> **GIVEN INFORMATION**:
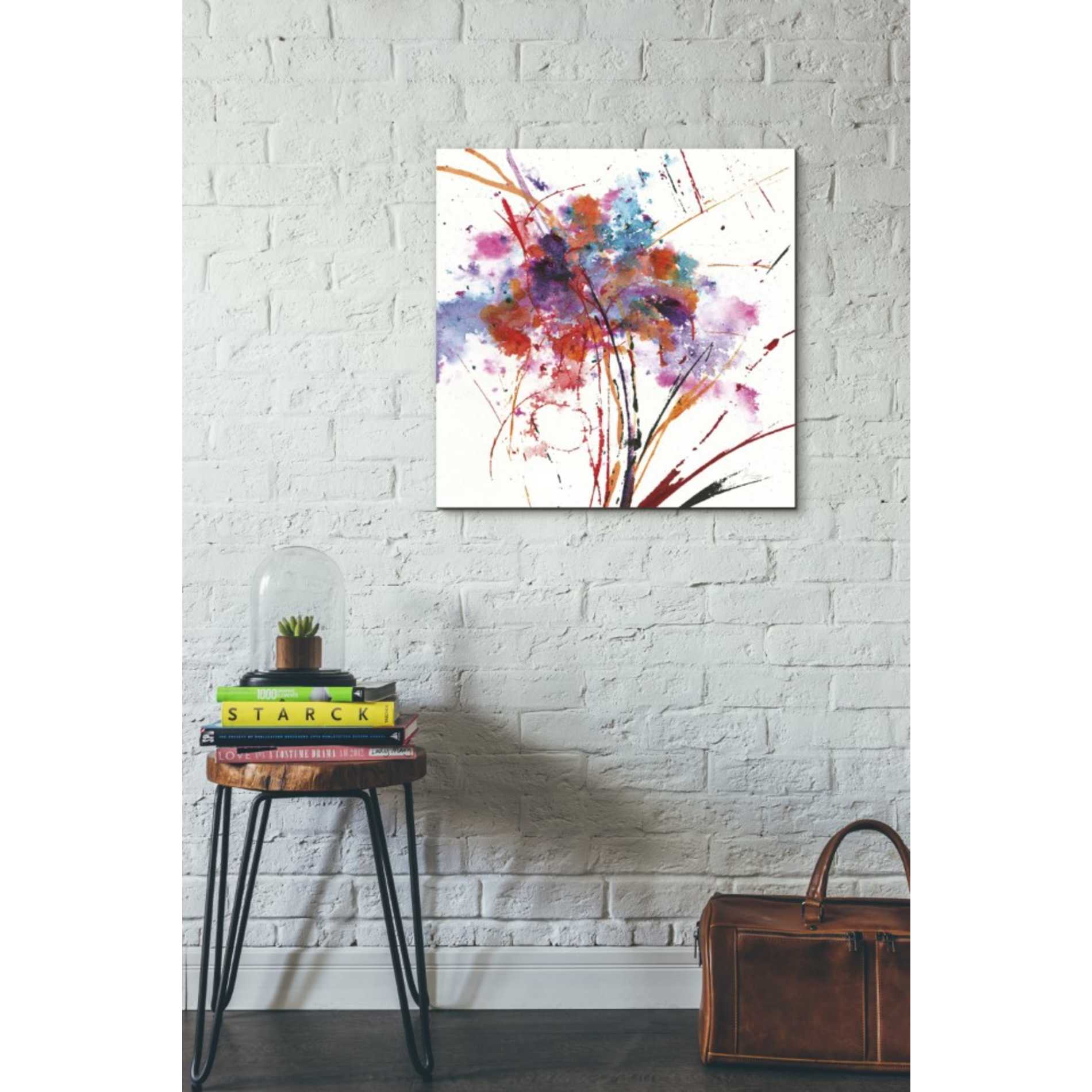 'Floral Explosion I on White' by Jan Griggs, Giclee Canvas Wall Art
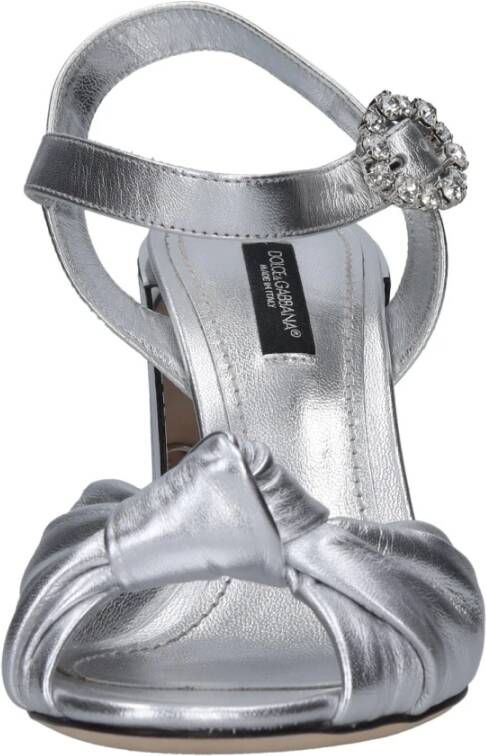 Dolce & Gabbana Sandalen Zilver Gray Dames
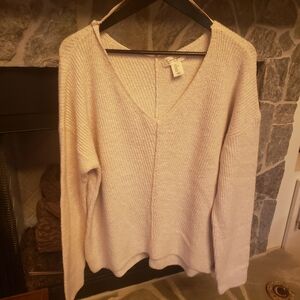 Jessica Simpson V-Neck Cream Sweater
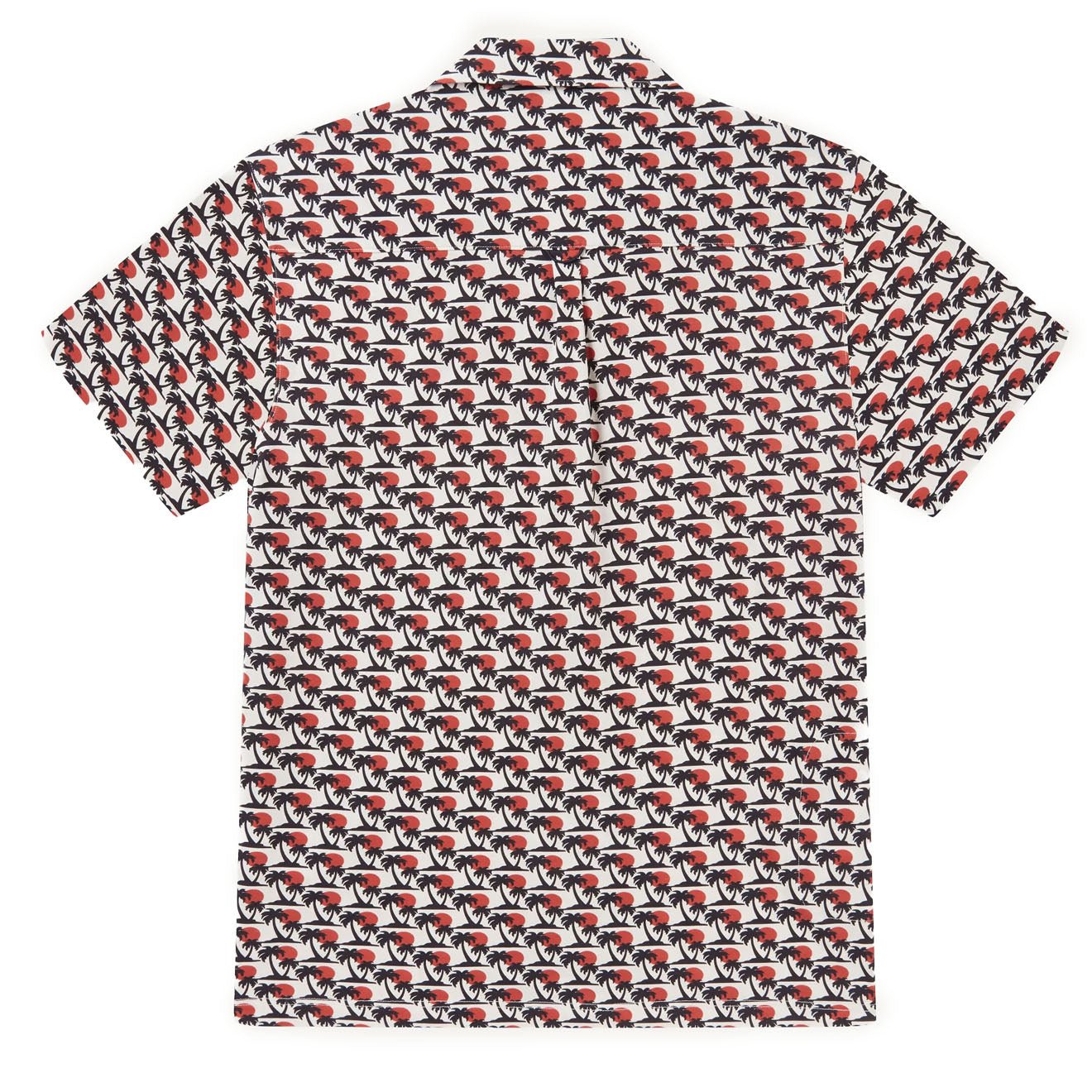 Sealskinz Bexwell UV Protection SS Jersey Palm Print Shirt Navy - The Sporting Lodge
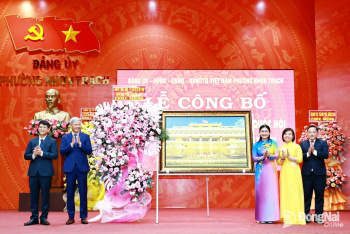 Công bố nghị quyết của Ủy ban Thường vụ Quốc hội về thành lập phường Nhơn Trạch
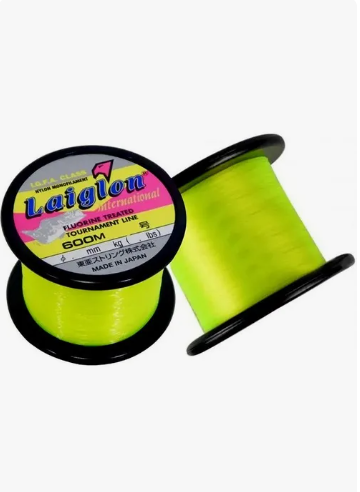 Linha Monofilamento Laiglon 600m 0.40mm Verde Limão Resistência 12,5kg tecnologia Japonesa!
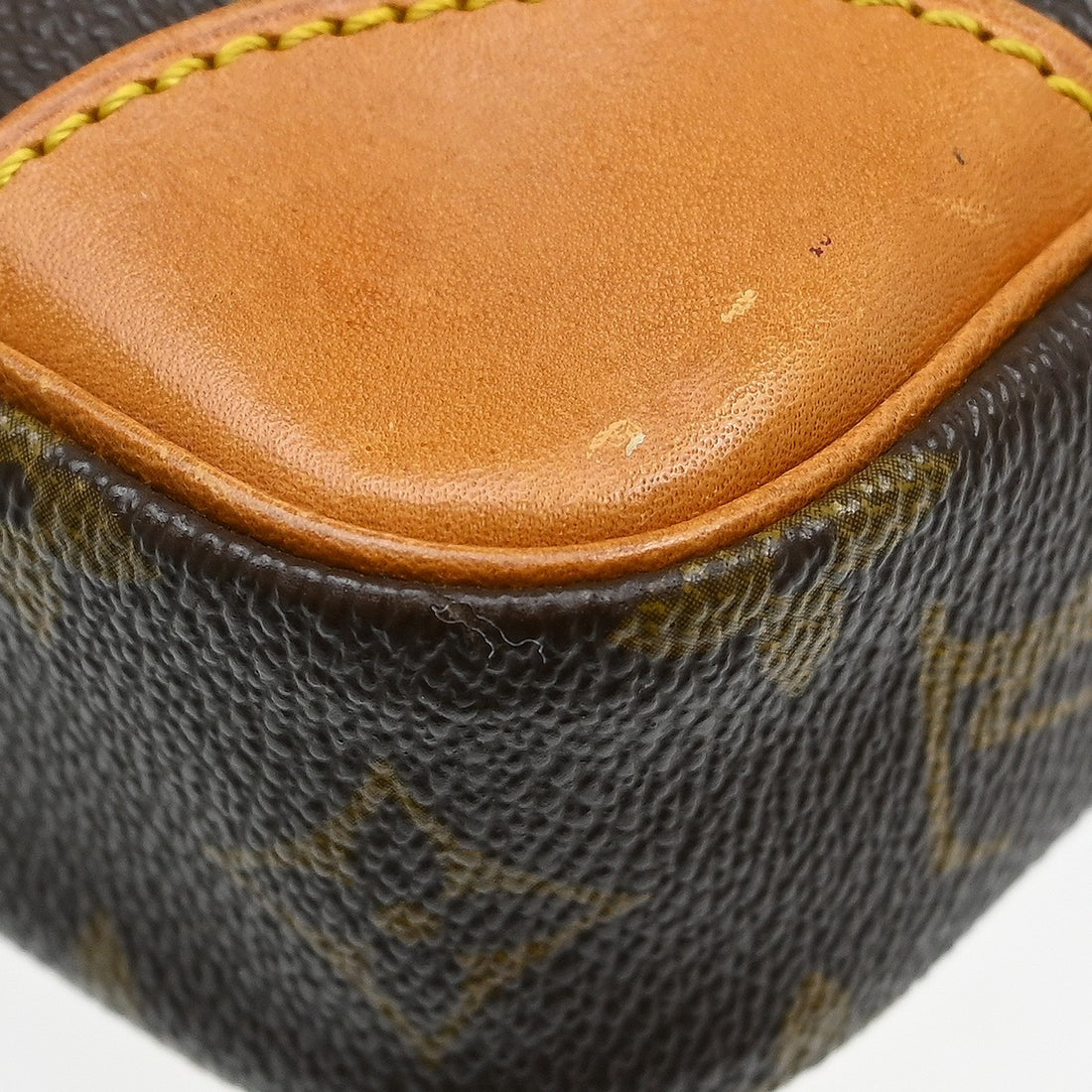 Pochette Louis Vuitton Marly Dragonne GM Vintage in Tela Monogram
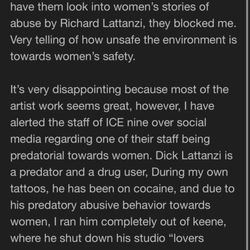 Ice 9 Studio - This was an original review of five months ago because they were aware of Dick Lattanzis behavior
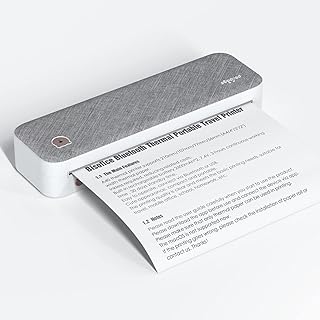 Imprimante portable peripage, imprimante de voyage bluetooth sans fil a4, imprimante thermique portable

> **WHAT TO WORK ON**: Every line from the one containing "Linha Monofilamento Laiglon" to the final line of the records should be duplicated exactly; no picture is to be copied.

> **EXERCISE OUTPUT**:
 Linha Monofilamento Laiglon 600m 0.40mm Verde Limão Resistência 12,5kg tecnologia Japonesa!
 Pochette Louis Vuitton Marly Dragonne GM Vintage in Tela Monogram
 Ice 9 Studio - This was an original review of five months ago because they were aware of Dick Lattanzis behavior
 Imprimante portable peripage, imprimante de voyage bluetooth sans fil a4, imprimante thermique portable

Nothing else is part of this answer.